Telekom Malaysia looks east
By Bill Guerin

JAKARTA - Three very recent mobile telecom deals have helped make Telekom Malaysia, the country's biggest phone company and Southeast Asia's second-largest, the most attractive telecom stock in Malaysia, giving it a solid footing in Asia's other mobile markets, where growth remains strong.

Telekom's overseas business is carried out by investment arm TM International. It's first deal came when Telekom disposed of its entire stake in Telkom South Africa for more than RM3 billion (US$790 million), giving it a net gain of more than RM800 million. Then last week, it bought a stake in Indonesia's third-largest cellular-phone operator, the unlisted PT Excelcomindo Pratama (XL) for Rp2.8 trillion ($314 million). Two days after the Indonesian acquisition, it sealed a deal along with Singapore's ST Telemedia to buy a 47.7% stake in India's fifth-largest mobile company, Idea Cellular, for $390 million, of which Telekom's share costs $156 million.

Though around 48.5% of Malaysia's 25 million people use cell phones, growth in cellular business in the home market is slowing and is expected to reach saturation in about two years. Since the entry of Singapore's Temasek Holdings Ltd as a substantial shareholder, Telekom has been restrategizing. Rationalizing Telekom's shift to Asia, chief executive officer Abdul Wahid Omar said Telekom would rest on its laurels for a while with the two acquisitions before looking at any other major investments.

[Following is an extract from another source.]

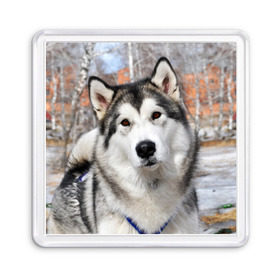 Магнит 55*55 с принтом Аляскинский маламут в Петрозаводске, Пластик | Размер: 65*65 мм; Размер печати: 55*55 мм | аляскинский маламут | животное | порода | собака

"We are moving away from Africa to invest closer to home. The two investments [in Indonesia and India] will increase our regional presence," he told reporters. "This restrategizing was done after many deliberations. The South Asian and Southeast Asian markets do hold quite a lot of promise," he added, though emphasizing that it would not be until 2006 that the company's Indian and Indonesian investments would begin to contribute to its earnings. Overseas operations contributed 29% to Telekom Malaysia's 2003 earnings, though this is projected to fall to 21-22% in 2004.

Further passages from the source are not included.